=== Begin Enclosure ===

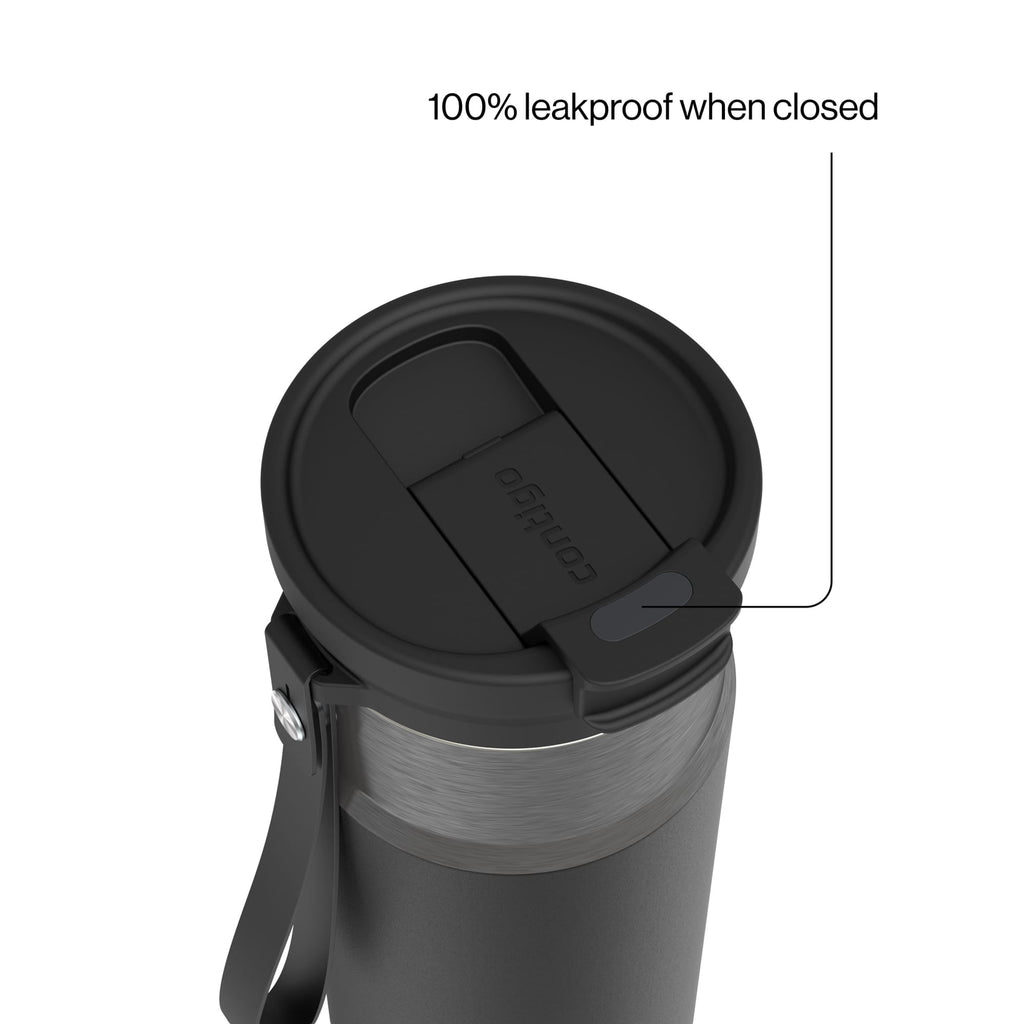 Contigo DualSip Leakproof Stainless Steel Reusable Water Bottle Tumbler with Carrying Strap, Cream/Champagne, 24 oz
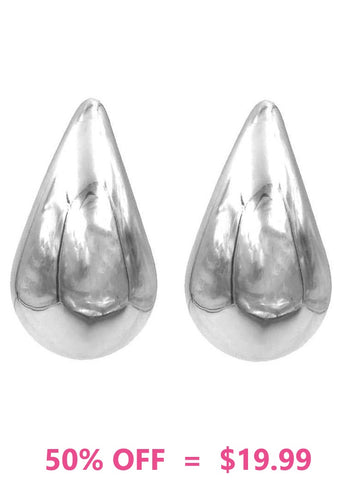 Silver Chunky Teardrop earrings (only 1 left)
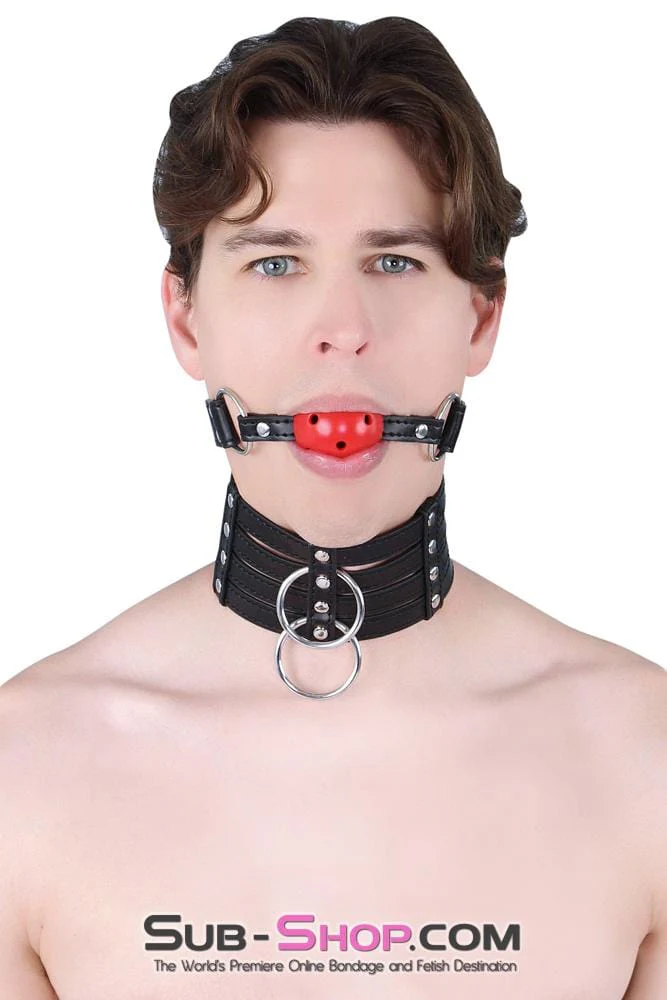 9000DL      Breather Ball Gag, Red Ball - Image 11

=== End Enclosure ===

YOUR ASSIGNMENT: Since the pictures are not wanted, give the material again exactly without them.

RESPONSE AREA:
 Contigo DualSip Leakproof Stainless Steel Reusable Water Bottle Tumbler with Carrying Strap, Cream/Champagne, 24 oz
 Silver Chunky Teardrop earrings (only 1 left)
 9000DL      Breather Ball Gag, Red Ball - Image 11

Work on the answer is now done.